Notice that there seem to be a lot of pixel values in the negative range in that plot.
# A histogram can also be helpful to look at the range of values in your data
# What do you notice about the histogram below?
dtm_pre_arr.plot.hist(color="purple")
plt.show()
Looking at the min and max values of the data, you can see a very small negative number for the minimum. This number matches the nodata value that you looked at above.
print("the minimum raster value is: ", np.nanmin(dtm_pre_arr.values))
print("the maximum raster value is: ", np.nanmax(dtm_pre_arr.values))
the minimum raster value is: -3.4028235e+38
the maximum raster value is: 2087.43
Raster Data Exploration - Min and Max Values
Looking at the minimum value of the data, there is one of two things going on that need to be fixed:
- there may be no data values in the data with a negative value that are skewing your plot colors
- there also could be outlier data in your raster
You can explore the first option - that there are no data values by reading in the data and masking no data values using the masked=True
parameter like this:
rxr.open_rasterio(dem_pre_path, masked=True)
Above you may have also noticed that the array has an additional dimension for the “band”. While the raster only has one layer - there is a 1 in the output of shape
that could get in the way of processing.
You can remove that additional dimension using .squeeze()

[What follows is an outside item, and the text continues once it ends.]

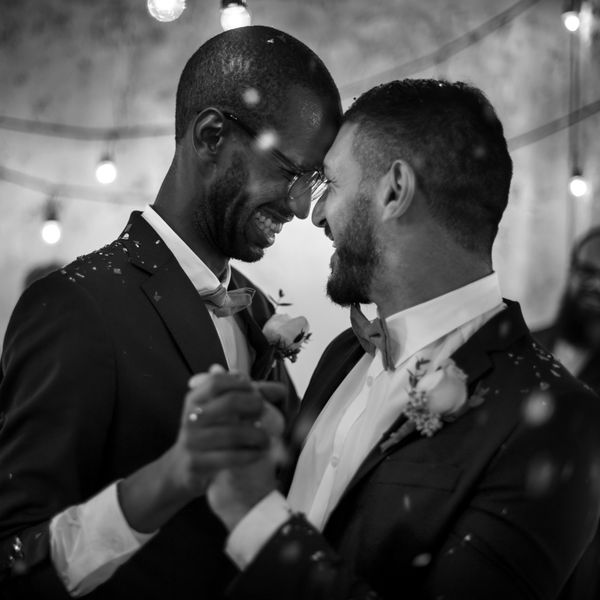 Two Grooms in Tuxedos and Boutonnieres Dancing on Wedding Day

# Notice that the shape of this object has a 1 at the beginning
# This can cause issues with plotting
dtm_pre_arr.shape
(1, 2000, 4000)
# Open the data and mask no data values
# Squeeze reduces the third dimension given there is only one "band" or layer to this data
dtm_pre_arr = rxr.open_rasterio(dem_pre_path, masked=True).squeeze()
# Notice there are now only 2 dimensions to your array
dtm_pre_arr.shape
(2000, 4000)
Plot the data again to see what has changed. Now you have a reasonable range of data values and the data plot as you might expect it to.
# Plot the data and notice that the scale bar looks better
# No data values are now masked
f, ax = plt.subplots(figsize=(10, 5))
dtm_pre_arr.plot(cmap="Greys_r",
ax=ax)
ax.set_title("Lidar Digital Elevation Model (DEM) \n Boulder Flood 2013")
ax.set_axis_off()
plt.show()
The histogram has also changed. Now, it shows a reasonable distribution of pixel values.
f, ax = plt.subplots(figsize=(10, 6))
dtm_pre_arr.plot.hist(color="purple",
bins=20)
ax.set_title("Histogram of the Data with No Data Values Removed")
plt.show()
Notice that now the minimum value looks more like an elevation value (which should most often not be negative).
print("The minimum raster value is: ", np.nanmin(dtm_pre_arr.data))
print("The maximum raster value is: ", np.nanmax(dtm_pre_arr.data))
The minimum raster value is: 1676.2099609375
The maximum raster value is: 2087.429931640625
Plot Raster and Vector Data Together
If you want, you can also add shapefile overlays to your raster data plot. Below you open a single shapefile using Geopandas that contains a boundary layer that you can overlay on top of your raster dataset. You will learn more about working with shapefiles in Geopandas in this chapter of the earthdatascience.org intermediate textbook.
# Open site boundary vector layer
site_bound_path = os.path.join("colorado-flood",
"spatial",
"boulder-leehill-rd",
"clip-extent.shp")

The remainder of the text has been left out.